The characters, their eyes, dilemmas and tragedies are still spinning in my mind. It’s not a joking matter when I say the thoughts weigh on my head, the fingertips going numb of hitting the keyboard so many times. Gathering courage, I re-read the last few paragraphs I’ve written so far and I hate all of it. There’s not a single line worthy of rescue. The rage takes over me, reverberating from within my ribcage, later cursing my limbs, which leads me to flip my desk, and sincerely surprised, because as I said, I’m a writer, and I am not strong enough as to do such a thing. The laptop bounces on the floor but doesn’t break, thank god because my novel process is in there. The feeling of regret immediately takes place and I attempt to clean up the mess. Yeah, picking up the cigarette butts will do for now. I open the window to let the sunlight in, but you know what? Let’s not, the sun reflects on the computer screen and it’s painful for the tired eyes.

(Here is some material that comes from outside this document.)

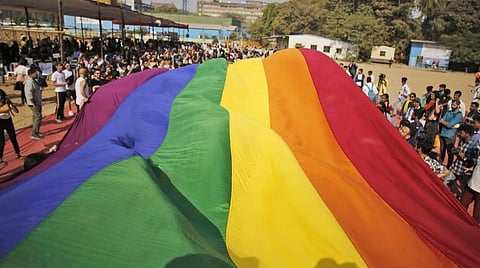 தன்பாலின திருமண விவகாரத்தை நாடாளுமன்ற முடிவுக்கு விடுவது குறித்து பரிசீலிக்க வேண்டும் - மத்திய அரசு வலியுறுத்தல்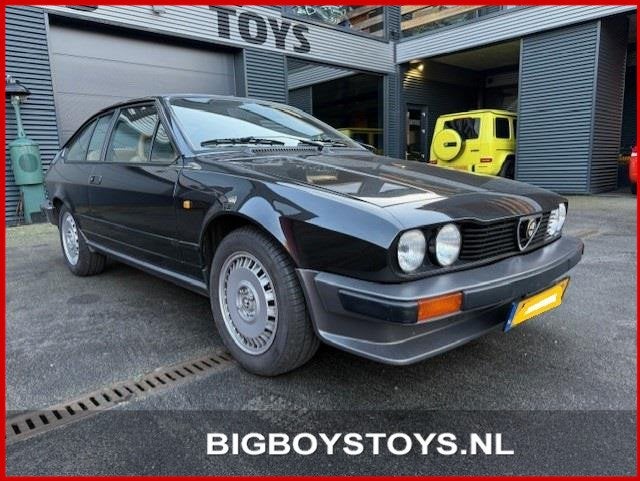 Alfa Romeo GTV 2.0, Metallic lak, Achterwielaandrijving, Beige, 1962 cc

I sit back on my armchair. Yes, now I’m prepared. I can do this. I’ve suffered enough, so now the words should start slowly flowing, true writers create their masterpieces like that, right? The blinding white from the Word page attracts my sight and the hypnotizing process starts again. Yeah, I see it. The setting is perfect, the characters come well together: the hero with a despairing story, the villain’s just fascinating, and the tone I’ve planned for this is the cherry on top of my cake. Feel jealousy, my readers and fellow writers, because this is the story that will change generations. Now, just how to word it? I am a fucking writer and my biggest obstacle is writing.
Truth is I cannot write just like that. Look at me, I’m using the word “like” way too many times, ugh? I cannot even speak properly. I am supposed to have an extensive vocabulary and have a gift for storytelling. I can’t even, like, explain myself. For all I know, I might not even be a writer. Great stories don’t make great books if they’re not successfully portrayed in the readers’ uncreative minds. Workshops and master classes have denominated it as “writer’s block” but after years of experiencing it, leaves you thinking it’s lack of talent. Still, I lead a writer’s life: drink, smoke, read, write, erase what you just wrote, drink when you realize it was not so bad, read some more, and on Fridays I’d attend slam poetry readings. That’s when I learned part of my problem: the lack of confidence I had in myself. Because if I was that girl with curly hair that used to go on stage every week, my words would be poetry. And if I was that guy with the planked hats my work would sound original and sophisticated. The problem is my words and my hands, they just do not… work their magic. It was like being ready and eager to fly, but still needing to find pixie dust or your feet will just stay frozen to the ground.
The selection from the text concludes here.